[WORK INSTRUCTION] An exact copy of the records is needed; please leave the images out.

DATA: Begin

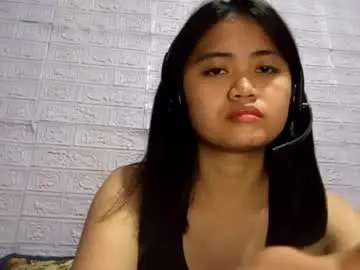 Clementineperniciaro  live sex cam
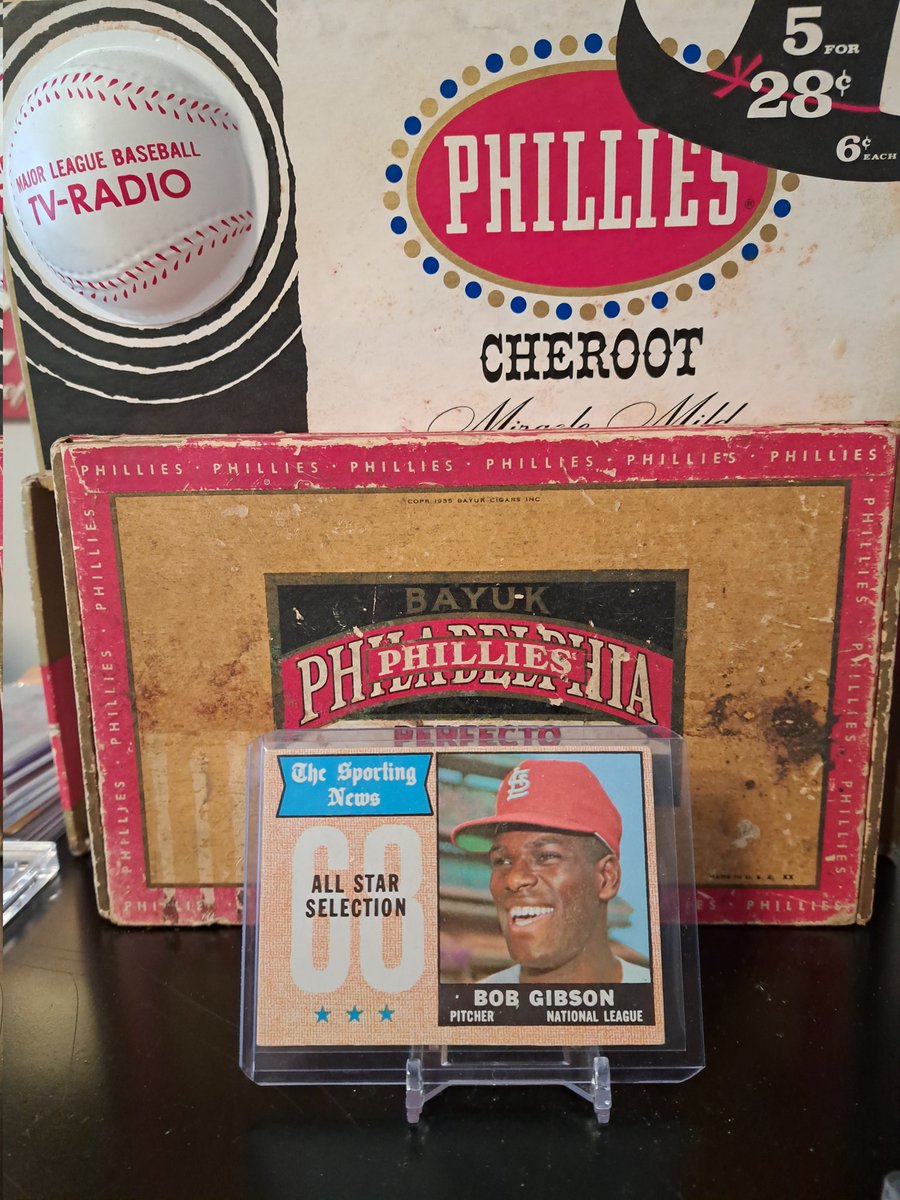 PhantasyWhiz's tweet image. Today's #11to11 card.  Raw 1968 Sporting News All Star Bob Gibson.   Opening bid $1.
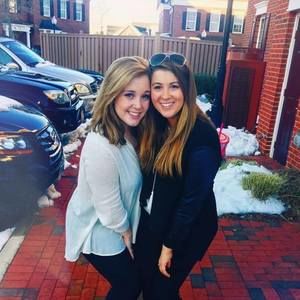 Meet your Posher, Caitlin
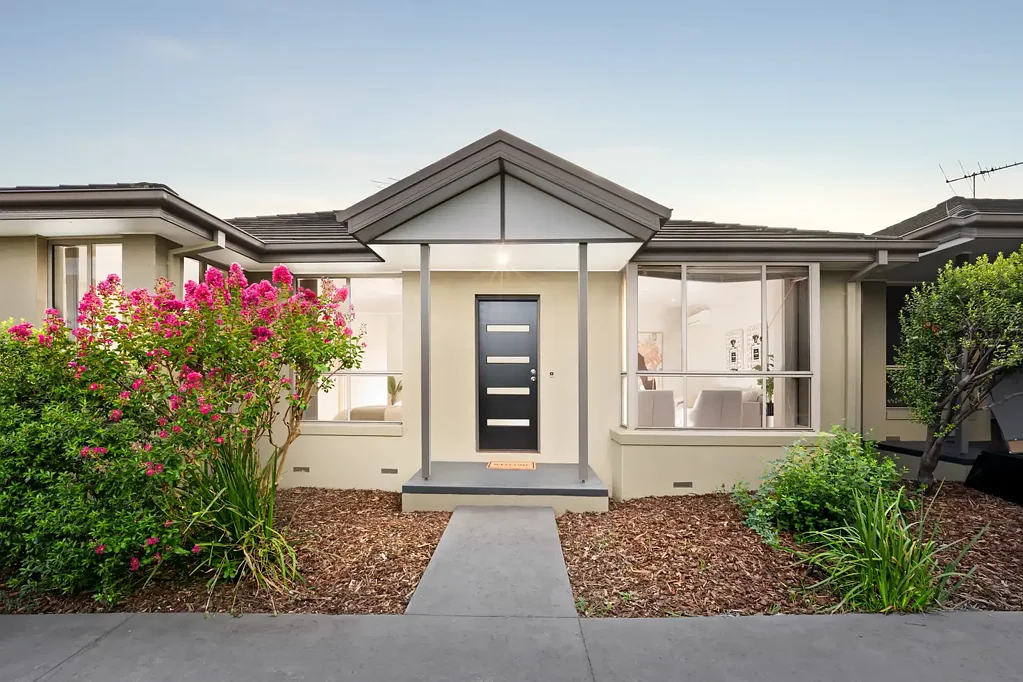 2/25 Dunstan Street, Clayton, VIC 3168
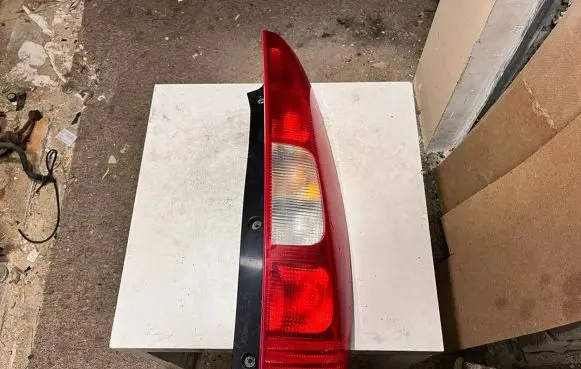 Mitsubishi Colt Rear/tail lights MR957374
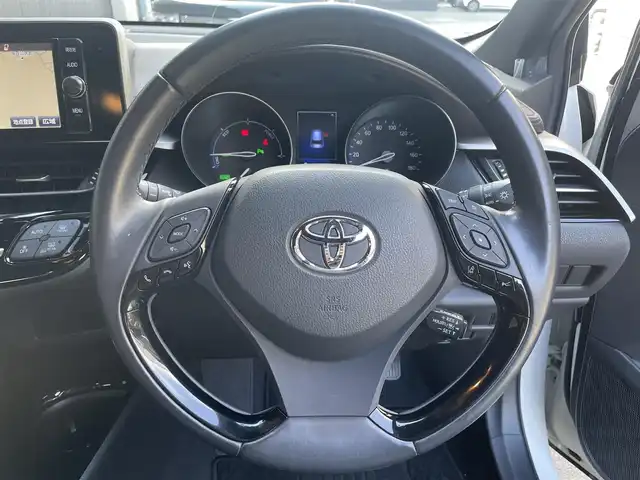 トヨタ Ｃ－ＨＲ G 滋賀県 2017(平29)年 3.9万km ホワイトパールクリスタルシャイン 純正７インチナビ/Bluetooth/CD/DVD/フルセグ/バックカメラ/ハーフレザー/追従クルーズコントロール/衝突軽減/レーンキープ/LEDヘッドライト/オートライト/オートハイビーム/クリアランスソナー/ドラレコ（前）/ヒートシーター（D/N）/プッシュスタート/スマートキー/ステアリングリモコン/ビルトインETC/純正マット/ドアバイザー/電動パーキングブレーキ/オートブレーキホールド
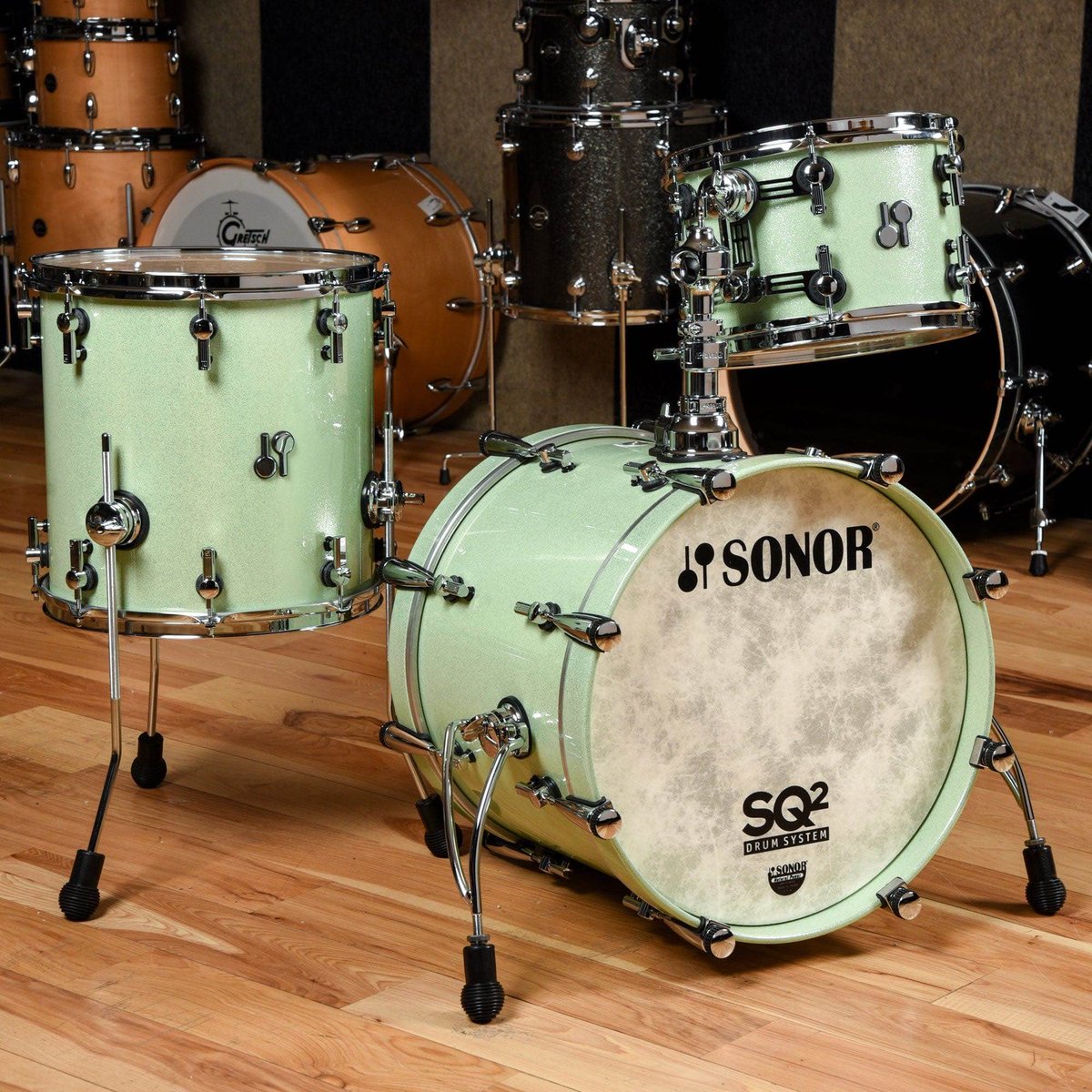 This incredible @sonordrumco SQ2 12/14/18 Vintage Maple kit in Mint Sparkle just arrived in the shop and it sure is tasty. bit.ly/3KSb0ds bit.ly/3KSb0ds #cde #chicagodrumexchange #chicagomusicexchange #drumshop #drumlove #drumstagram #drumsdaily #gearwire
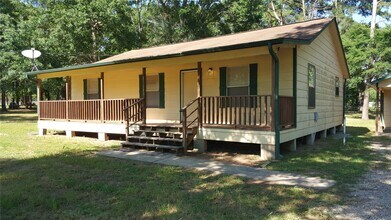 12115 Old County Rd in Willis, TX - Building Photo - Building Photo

DATA: End

[SOLUTION FOR THIS EXERCISE]
 Clementineperniciaro  live sex cam
 PhantasyWhiz's tweet image. Today's #11to11 card.  Raw 1968 Sporting News All Star Bob Gibson.   Opening bid $1.
 Meet your Posher, Caitlin
 2/25 Dunstan Street, Clayton, VIC 3168
 Mitsubishi Colt Rear/tail lights MR957374
 トヨタ Ｃ－ＨＲ G 滋賀県 2017(平29)年 3.9万km ホワイトパールクリスタルシャイン 純正７インチナビ/Bluetooth/CD/DVD/フルセグ/バックカメラ/ハーフレザー/追従クルーズコントロール/衝突軽減/レーンキープ/LEDヘッドライト/オートライト/オートハイビーム/クリアランスソナー/ドラレコ（前）/ヒートシーター（D/N）/プッシュスタート/スマートキー/ステアリングリモコン/ビルトインETC/純正マット/ドアバイザー/電動パーキングブレーキ/オートブレーキホールド
 This incredible @sonordrumco SQ2 12/14/18 Vintage Maple kit in Mint Sparkle just arrived in the shop and it sure is tasty. bit.ly/3KSb0ds bit.ly/3KSb0ds #cde #chicagodrumexchange #chicagomusicexchange #drumshop #drumlove #drumstagram #drumsdaily #gearwire
 12115 Old County Rd in Willis, TX - Building Photo - Building Photo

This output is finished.